Bangunan-bangunan itu banyak ditemukan di tempat-tempat tinggi dari daerah
sekitarnya sehingga muncul anggapan masyarakat bahwa roh-roh tersebut berada
di tempat yang lebih tinggi.
5. Kehidupan Budaya
žPada masa kehidupan bercocok tanam kebudayaan yang dihasilkan semakin beragam seperti yang terbuat dari tanah liat, batu, dan tulang. Contohnya:
1.Beliung Persegi
diduga digunakan untuk upacara. Ditemukan di Sumatera, Jawa, Kalimantan,
Sulawesi, Nusa Tenggara, Semenanjung Melayu dan Asia Tenggara.
2. Kapak Lonjong
Kapak ini ditemukan di daerah Maluku, Papua, sebagian Sulawesi Utara, Kepulauan
Filipina, Taiwan dan Cina.
3. Mata Panah
Digunakan untuk berburu dan menangkap ikan. Ditemukan di daerah Papua.
4. Gerabah
Digunakan sebagai tempat untuk menyimpan benda-benda perhiasan dan sebagai
alat untuk mencurahkan rasa seni. Ditemukan di seluruh wilayah Indonesia.
6. Perhiasan
Pada masa bercocok tanam kebudayan, telah dikenal berbagai bentuk perhiasan.
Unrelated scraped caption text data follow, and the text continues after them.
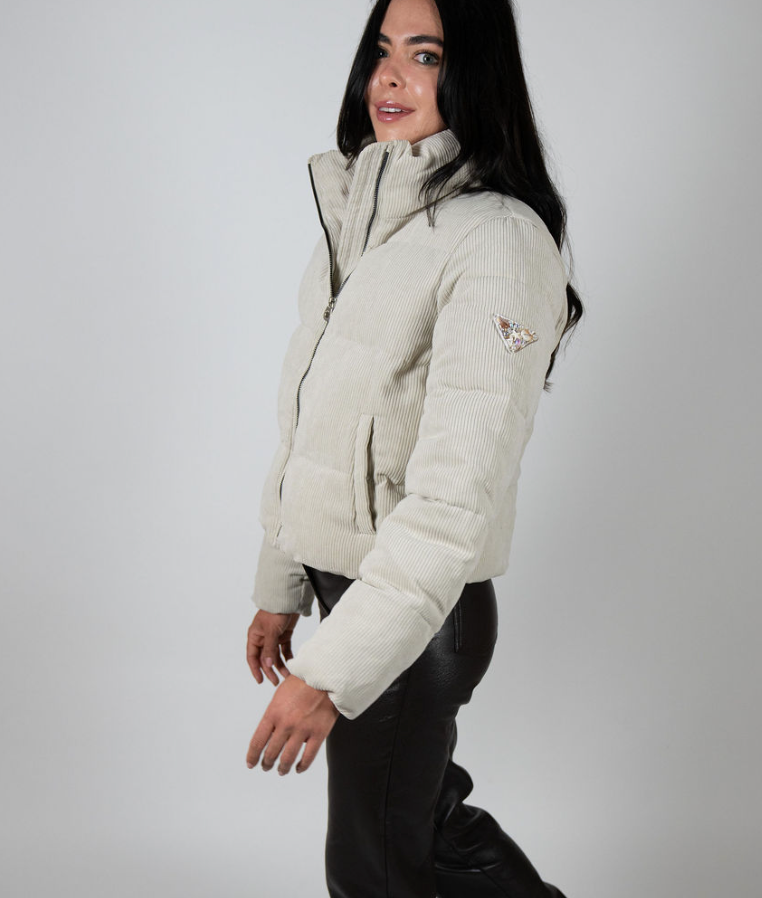 Cream corduroy puffer jacket for women with high collar and signature triangle sleeve patch – Angel Wings by Lucy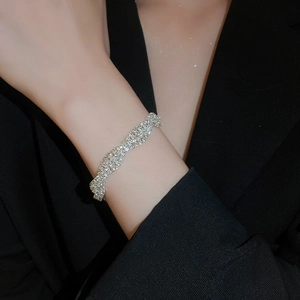 Detailed close-up of a silver twisted bangle with shimmering pavé rhinestones on wrist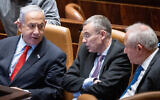 Prime Minister Benjamin Netanyahu (left), Justice Minister Yariv Levin (center) and Agriculture Minister Avi Dichter, in the Knesset on February 22, 2023. (Yonatan Sindel/Flash90)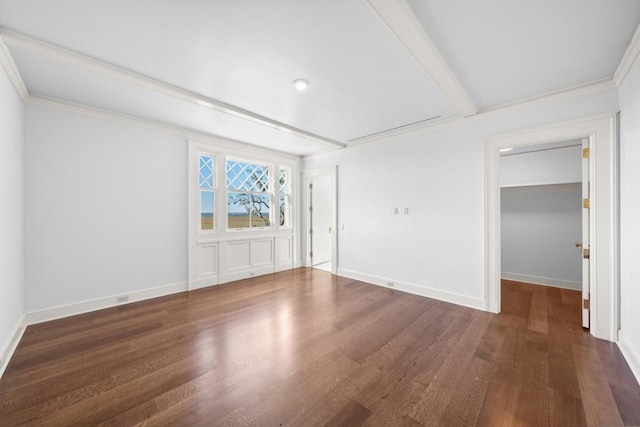 spare room with dark hardwood / wood-style flooring and ornamental molding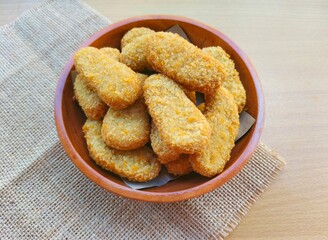 Fried chicken nuggets in a wooden plate on the table.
Bahan dasarnya berasal dari lingkungan alam sekitar tempat tinggal mereka yaitu
seperti tanah liat, batu kalsedon, yaspur dan agat. Perhiasaan yang dihasilkan
seperti kalung, gelang dan lain-lain. Disamping perhiasan tersebut juga ditemukan
kebudayaan yang terbuat dari batu besar atau Megalitikum pada masa kehidupan
masyarakat bercocok tanam. Kebudayaan megalitikum erat kaitannya dengan
kegiatan religius, yaitu kepercayaan terhadap nenek moyang. Bangunan ini dibuat
berdasarkan adanya kepercayaan hubungan antara alam fana dan alam baka.
Contoh Bangunan Pada Masa Megalitikum
ž
Menhir, adalah tugu batu tempat pemujaan terhadap roh nenek moyang,
ditemukan di daerah Sumatera, Sulawesi Tengah dan Kalimantan.